So long as the fur trade remained the principal business in Wisconsin, the French were still supreme at Green Bay and Prairie du Chien; and, until a third of the nineteenth century had passed away, there existed at these outposts of New France a social life which smacked of the "old régime," bearing more traces of seventeenth-century Normandy than of Puritan New England. With the decline of the fur trade, a new order of things slowly grew up.

There being little legal machinery west of Lake Michigan, before Wisconsin Territory was erected, local government was slow to establish itself. Nothing but the good temper and stout common sense of the people prevented anarchy, under such a condition of affairs. For many years, the few public enterprises were undertaken at private expense. At Green Bay, schools were thus conducted, as early as 1817. In 1821 the citizens of that village raised a fund by popular subscription, and built a jail; and eleven years later, they asked the legislature of Michigan Territory to pay for it. There were some Territorial taxes levied in 1817, but the gathering of them was not very successful. The first county to levy a tax was Crawford, of which Prairie du Chien was the seat, but considerable difficulty appears to have been experienced in collecting the money.

Finally, Wisconsin Territory was organized, and the legislature assembled (1838) in Madison, the new capital. The accommodations at that raw little woodland village were meager, even for pioneer times. The Territorial building of stone, and a few rude frame and log houses in the immediate neighborhood, were all there was of the infant city. Only fifty strangers could be decently lodged there, and a proposition to adjourn to Milwaukee was favored. But as the lakeshore metropolis, also a small village, could offer no better accommodations, it was decided to stay at the capital, and brave it out on the straw and hay mattresses, of which, however, there were not enough to supply the demand.

This was long before railroads had reached Wisconsin. Travel through the new Territory was by boat, horseback, or a kind of snow sledge called a "French train." There were no roads, except such as had been developed from the old deep-worn Indian trails which interlaced the face of the country, and traces of which can still be seen in many portions of the State. The pioneers found that these trails, with a little straightening, often followed the best possible routes for bridle paths or wagon roads. It was not long before they were being used by long lines of teams, transporting smelted lead from the mines of southwest Wisconsin to the Milwaukee and Galena docks; on the return, they carried supplies for the "diggings," and sawmill machinery into the interior forests. Farmers' wagons and stagecoaches followed in due time. Bridges were but slowly built; the unloaded wagons were ferried across rivers in Indian "dugout" canoes, the horses swimming behind, and the freight being brought over in relays.

In 1837 there was a financial crisis throughout the country, and this checked Western immigration for a few years. But there was not enough money in Wisconsin for bank failures materially to affect the people; so, when the tide of settlement again flowed hither, the Badgers were as strong and hopeful as ever.

People coming to Wisconsin from the East often traveled all the way in their own wagons; or would take a lake boat at Buffalo, and then proceed by water to Detroit, Green Bay, or Chicago, thence journeying in caravans to the interior.

Frontier life, in those days, was of the simplest character.

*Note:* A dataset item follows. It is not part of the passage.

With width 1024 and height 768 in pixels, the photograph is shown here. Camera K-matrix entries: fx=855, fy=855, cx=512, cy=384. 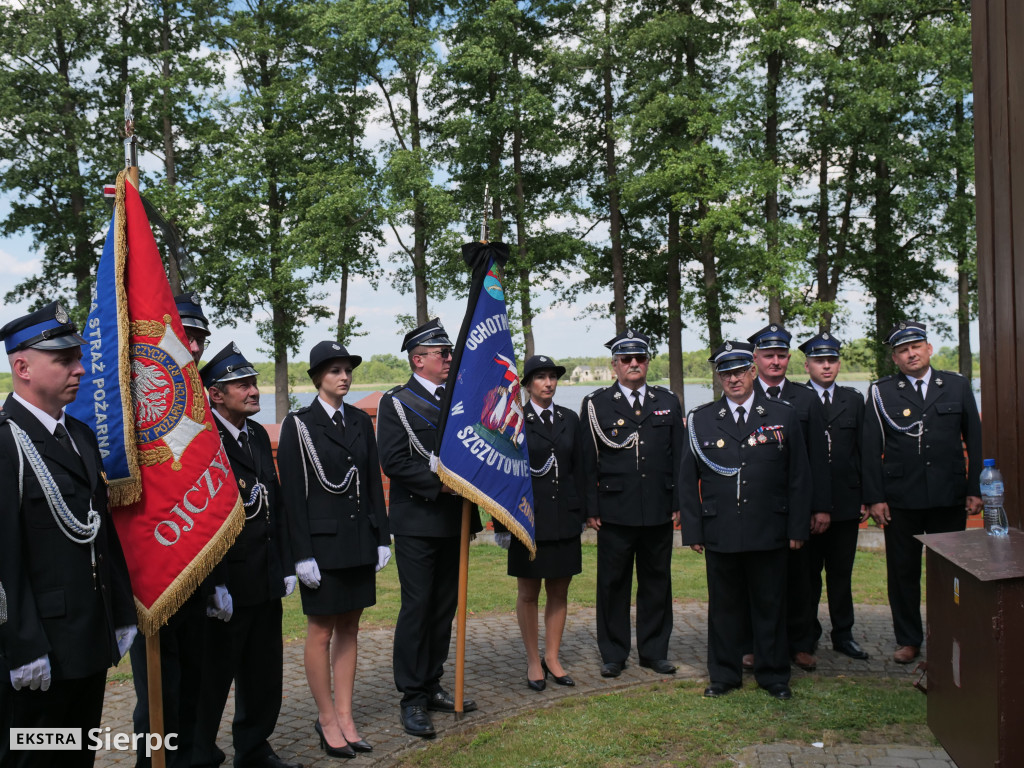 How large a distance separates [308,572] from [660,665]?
2.92m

The immigrants were for the most part used to hard work and plain fare. Accordingly the privations of their new surroundings involved relatively little hardship, although sometimes a pioneer farmer was fifty or a hundred miles from a gristmill, a store, or a post office, and generally his highway thither was but a blazed bridle path through the tangled forest.

Often his only entertainments throughout the year were "bees" for raising log houses or barns for newcomers, and on these occasions all the settlers for scores of miles around would gather in a spirit of helpful comradery. Occasionally the mail carrier, either afoot or on horseback, would wish accommodation over night. Particularly fortunate was the man who maintained a river ferry at the crossing of some much-frequented trail; he could have frequent chats with strangers, and collect stray shillings from mail carriers or other travelers whose business led them through the wilderness.

Often the new settler brought considerable flour and salt pork with him, in his journey to the West; but it was not at first easy to get a fresh supply. Curiously enough, although in the midst of a wild abundance, civilized man at the outset sometimes suffered for the bare necessaries of life. As soon, however, as he could garner his first crop, and become accustomed to the new conditions, he was usually proof against disaster of this kind; fish and game were so abundant, in their season, that in due time the backwoodsman was able to win a wholesome livelihood from the storehouse of nature.

Satisfactory education for youth was a plant of comparatively small growth. At first there was not enough money in the country to pay competent teachers. The half-educated sons and daughters of the pioneers taught the earliest schools, often upon a private subscription basis; text-books were few, appliances generally wanting, and the results were, for many years, far from satisfactory. As for spiritual instruction, this was given by itinerant missionary preachers and priests, of various denominations, who braved great hardships while making their rounds on horseback or afoot, and deserve to rank among the most daring of the pioneer class. In due time churches and schools were firmly established throughout the Territory.